Longevity, complicated family structures, the soaring value of estates and more charitable giving among the reasons for the increase

The number of High Court cases involving disputes over wills and inheritance rose by 175%, from 83 in 2006 to 228 in 2007, says Wedlake Bell, the City law firm.

Wedlake Bell’s research, which is based on the latest figures from the High Court Chancery Division, shows that wills disputes (contentious probate actions) rose by 153%, from 73 in 2006 to 185 in 2007, and inheritance disputes rose by 330%, from 10 in 2006 to 43 in 2007. (These figures relate to proceedings actually heard by the High Court.)

Wedlake Bell explains that the actual number of legal disputes over wills is likely to be far higher as only a fraction of cases end up in the courts with most settled out of court. 

Wedlake Bell says that the increase in the number of disputes over wills is being driven by the increasing complexity of family structures, by the increasing value of estates in dispute and in part by increasing longevity.

Wedlake Bell explains that as the nuclear family disintegrates and very complicated relationships ensue, disagreements arise on who should receive how much of an estate.

Says Fay Copeland: “We are seeing more and more cases where disputes arise from spouses from first, second or even third marriages.
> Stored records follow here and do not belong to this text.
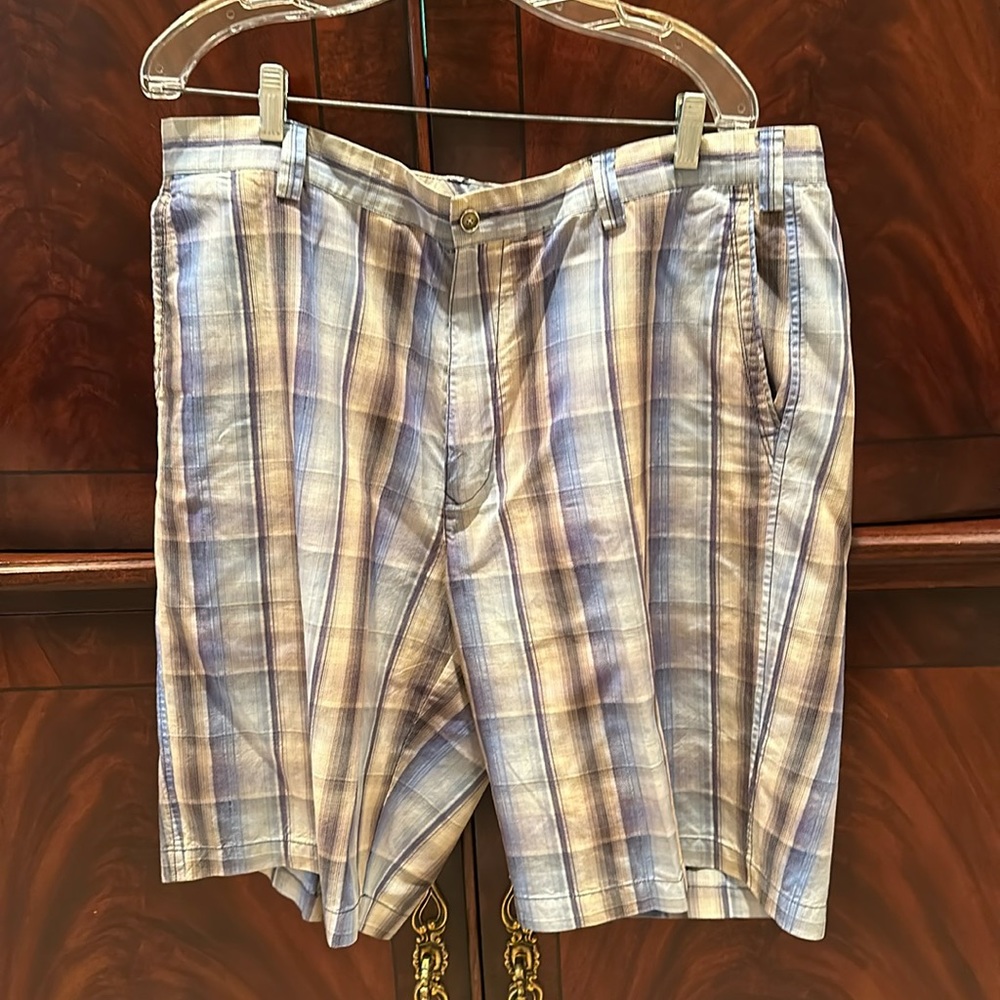 Men’s Tommy Bahamas size 38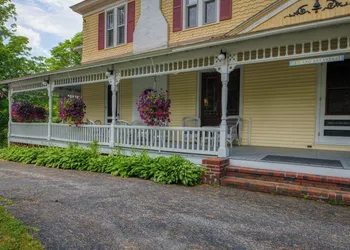 Rockwell Falls Inn and Wine Bar hotel thumbnail 5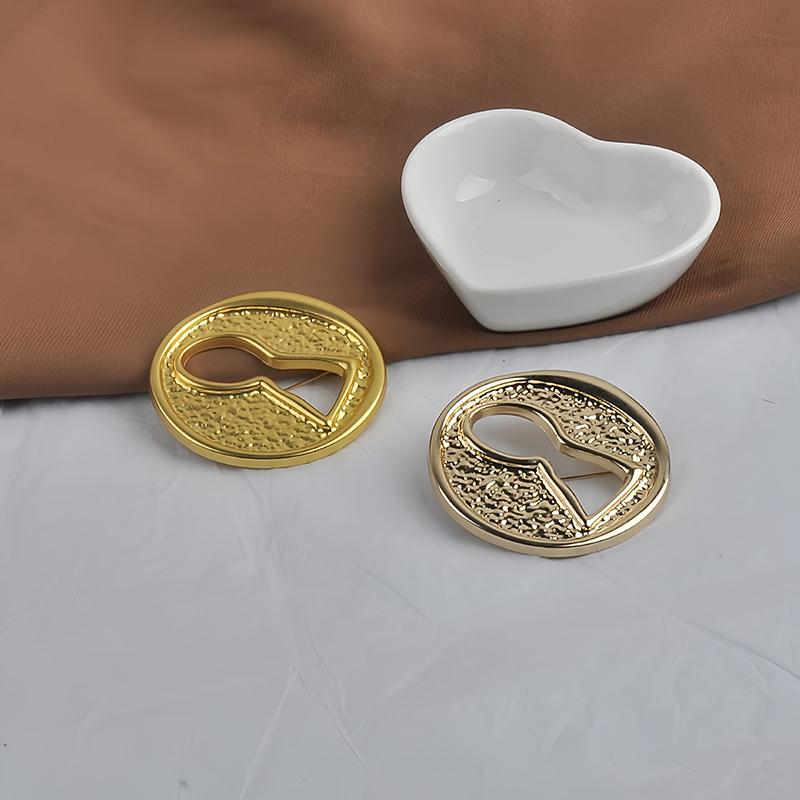 Pleated Brooch Alloy Keyhole Shape Glaze Luxury Badge Pin Trendy Banquet Clothes Metal Pin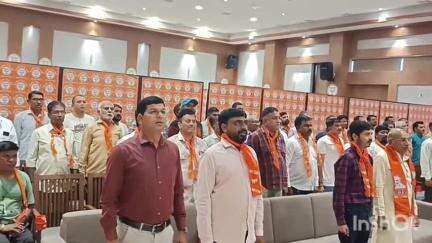 વઢવાણ: જિલ્લા ભાજપ નમો કમલમ કાર્યાલય ખાતે ભાજપના આગેવાનો અને કાર્યકર્તાઓની બેઠક યોજાઇ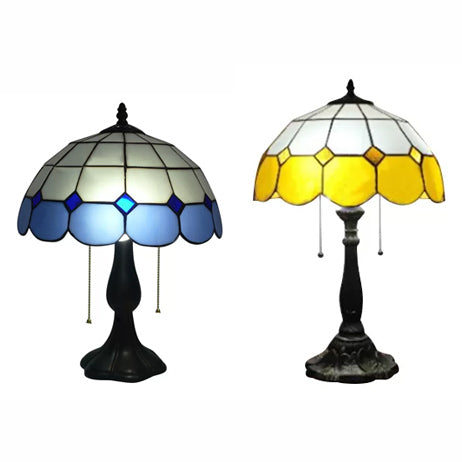 Traditional Dome Table Light with Grid Design Stained Glass 2 Lights Table Lighting in Blue/Yellow Clearhalo 'Lamps' 'Table Lamps' Lighting' 14975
Things get even more complicated when it comes to provisions for the children of each marriage. People can end up very displeased with the size of the slice of the estate they receive and have fewer qualms about taking take matters to court if they feel they have been treated unfairly under the Will.”

Adds Fay Copeland: “Long-term cohabitation, a bigger trend now than ever before, also creates many wills disputes. The family of a deceased may object to wills provisions for a cohabitating partner if the couple was never officially married. Likewise, a cohabitating partner might contest a will that does not include provisions for them. Even a noncohabitating partner may be able to contest a will if he/she was being maintained by the deceased before death.”

Other cases include those where illegitimate or step- children are involved. If a man helps raise an illegitimate child or a step-child with regular maintenance payments, there could be grounds for contesting a will that does not provide for the child after the man’s death.

Says Fay Copeland: “Anyone who intends to leave a will should be aware that wills are not set in stone. If a need for ongoing maintenance payments exists the will can sometimes be challenged.”

Wedlake Bell says that the increase in wills disputes is also due to a higher number of people challenging wills on the grounds of mental incapacity of the will-maker – partly as people now live long into their old age when their mental state may start to deteriorate. People left out of wills may think that the deceased was no longer of sound mind at the time of drafting their will or may have been vulnerable to pressure to favour one beneficiary over another and so the will should be set-aside.

Wedlake Bell adds that another reason for the rise in wills disputes is that people have started leaving vast amounts of money to charitable institutions.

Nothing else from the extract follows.